ASSIGNMENT —
Retype the records below exactly as they appear, but leave out any pictures.

[Dataset items]
- Opening Delimiter -

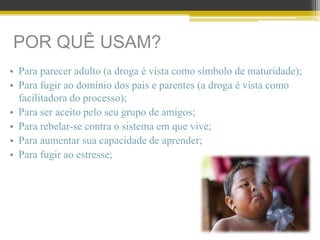 POR QUÊ USAM?
• Para parecer adulto (a droga é vista como símbolo de maturidade);
• Para fugir ao domínio dos pais e parentes (a droga é vista como
facilitadora do processo);
• Para ser aceito pelo seu grupo de amigos;
• Para rebelar-se contra o sistema em que vive;
• Para aumentar sua capacidade de aprender;
• Para fugir ao estresse;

- Closing Delimiter -

TASK SOLUTION —
 POR QUÊ USAM?
• Para parecer adulto (a droga é vista como símbolo de maturidade);
• Para fugir ao domínio dos pais e parentes (a droga é vista como
facilitadora do processo);
• Para ser aceito pelo seu grupo de amigos;
• Para rebelar-se contra o sistema em que vive;
• Para aumentar sua capacidade de aprender;
• Para fugir ao estresse;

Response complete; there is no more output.